=== About this task ===
From the data underneath, reproduce exactly the stretch that begins at the line with "alt text|model:Brontie image 6" and ends after the line with "Scarsa coppia di".

=== Short web captions ===
╭──
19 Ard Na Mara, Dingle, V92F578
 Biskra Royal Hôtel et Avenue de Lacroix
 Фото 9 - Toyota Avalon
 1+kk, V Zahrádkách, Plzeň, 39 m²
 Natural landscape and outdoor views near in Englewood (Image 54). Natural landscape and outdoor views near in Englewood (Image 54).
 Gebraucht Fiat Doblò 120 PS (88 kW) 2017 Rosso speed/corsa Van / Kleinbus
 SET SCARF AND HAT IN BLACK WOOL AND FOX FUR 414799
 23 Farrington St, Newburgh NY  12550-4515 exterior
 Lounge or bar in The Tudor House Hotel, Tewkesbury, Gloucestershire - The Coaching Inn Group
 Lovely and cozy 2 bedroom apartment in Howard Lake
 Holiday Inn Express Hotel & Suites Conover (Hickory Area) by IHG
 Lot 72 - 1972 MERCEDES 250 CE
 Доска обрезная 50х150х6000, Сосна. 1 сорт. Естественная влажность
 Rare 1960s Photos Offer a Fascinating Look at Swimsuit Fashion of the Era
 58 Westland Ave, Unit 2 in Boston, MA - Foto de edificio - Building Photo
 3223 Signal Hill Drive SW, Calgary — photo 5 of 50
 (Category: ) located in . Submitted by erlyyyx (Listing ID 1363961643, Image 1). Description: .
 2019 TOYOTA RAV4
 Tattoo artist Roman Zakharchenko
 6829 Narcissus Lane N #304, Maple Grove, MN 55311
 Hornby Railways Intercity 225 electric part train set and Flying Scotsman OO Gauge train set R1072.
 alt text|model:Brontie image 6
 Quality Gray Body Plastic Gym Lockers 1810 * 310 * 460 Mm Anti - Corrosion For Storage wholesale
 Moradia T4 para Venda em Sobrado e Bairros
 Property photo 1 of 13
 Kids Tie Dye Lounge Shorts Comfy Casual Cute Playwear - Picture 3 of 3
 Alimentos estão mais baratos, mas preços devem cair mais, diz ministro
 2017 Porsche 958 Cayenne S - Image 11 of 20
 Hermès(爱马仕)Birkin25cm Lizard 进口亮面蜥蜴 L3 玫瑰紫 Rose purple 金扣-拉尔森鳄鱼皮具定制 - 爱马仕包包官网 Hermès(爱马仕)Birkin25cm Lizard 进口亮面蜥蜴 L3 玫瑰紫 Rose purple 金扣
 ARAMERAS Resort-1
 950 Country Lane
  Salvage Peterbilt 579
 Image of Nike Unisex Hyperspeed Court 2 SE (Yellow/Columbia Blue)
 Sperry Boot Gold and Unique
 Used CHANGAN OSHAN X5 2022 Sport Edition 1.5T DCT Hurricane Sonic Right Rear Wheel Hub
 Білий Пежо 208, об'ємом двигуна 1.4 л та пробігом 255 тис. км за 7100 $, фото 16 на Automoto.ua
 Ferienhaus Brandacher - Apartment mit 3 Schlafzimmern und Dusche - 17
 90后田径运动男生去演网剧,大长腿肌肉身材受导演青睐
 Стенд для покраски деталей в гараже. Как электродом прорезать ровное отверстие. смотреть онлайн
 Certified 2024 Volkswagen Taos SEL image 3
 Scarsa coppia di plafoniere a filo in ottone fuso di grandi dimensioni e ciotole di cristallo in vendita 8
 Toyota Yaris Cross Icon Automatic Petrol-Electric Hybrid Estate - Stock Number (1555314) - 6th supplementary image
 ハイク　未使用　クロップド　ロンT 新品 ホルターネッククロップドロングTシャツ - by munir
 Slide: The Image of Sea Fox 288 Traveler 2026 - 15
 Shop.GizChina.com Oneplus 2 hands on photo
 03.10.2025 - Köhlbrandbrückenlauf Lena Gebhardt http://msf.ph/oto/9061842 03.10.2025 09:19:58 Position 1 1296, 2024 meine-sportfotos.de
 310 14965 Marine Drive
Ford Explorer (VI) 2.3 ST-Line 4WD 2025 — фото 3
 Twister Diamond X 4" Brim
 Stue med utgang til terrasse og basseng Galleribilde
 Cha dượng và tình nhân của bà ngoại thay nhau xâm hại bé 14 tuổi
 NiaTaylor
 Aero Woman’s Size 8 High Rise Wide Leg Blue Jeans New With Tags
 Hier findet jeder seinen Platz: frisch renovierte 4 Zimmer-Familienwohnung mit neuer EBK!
╰──
=== Expected output ===
 alt text|model:Brontie image 6
 Quality Gray Body Plastic Gym Lockers 1810 * 310 * 460 Mm Anti - Corrosion For Storage wholesale
 Moradia T4 para Venda em Sobrado e Bairros
 Property photo 1 of 13
 Kids Tie Dye Lounge Shorts Comfy Casual Cute Playwear - Picture 3 of 3
 Alimentos estão mais baratos, mas preços devem cair mais, diz ministro
 2017 Porsche 958 Cayenne S - Image 11 of 20
 Hermès(爱马仕)Birkin25cm Lizard 进口亮面蜥蜴 L3 玫瑰紫 Rose purple 金扣-拉尔森鳄鱼皮具定制 - 爱马仕包包官网 Hermès(爱马仕)Birkin25cm Lizard 进口亮面蜥蜴 L3 玫瑰紫 Rose purple 金扣
 ARAMERAS Resort-1
 950 Country Lane
  Salvage Peterbilt 579
 Image of Nike Unisex Hyperspeed Court 2 SE (Yellow/Columbia Blue)
 Sperry Boot Gold and Unique
 Used CHANGAN OSHAN X5 2022 Sport Edition 1.5T DCT Hurricane Sonic Right Rear Wheel Hub
 Білий Пежо 208, об'ємом двигуна 1.4 л та пробігом 255 тис. км за 7100 $, фото 16 на Automoto.ua
 Ferienhaus Brandacher - Apartment mit 3 Schlafzimmern und Dusche - 17
 90后田径运动男生去演网剧,大长腿肌肉身材受导演青睐
 Стенд для покраски деталей в гараже. Как электродом прорезать ровное отверстие. смотреть онлайн
 Certified 2024 Volkswagen Taos SEL image 3
 Scarsa coppia di plafoniere a filo in ottone fuso di grandi dimensioni e ciotole di cristallo in vendita 8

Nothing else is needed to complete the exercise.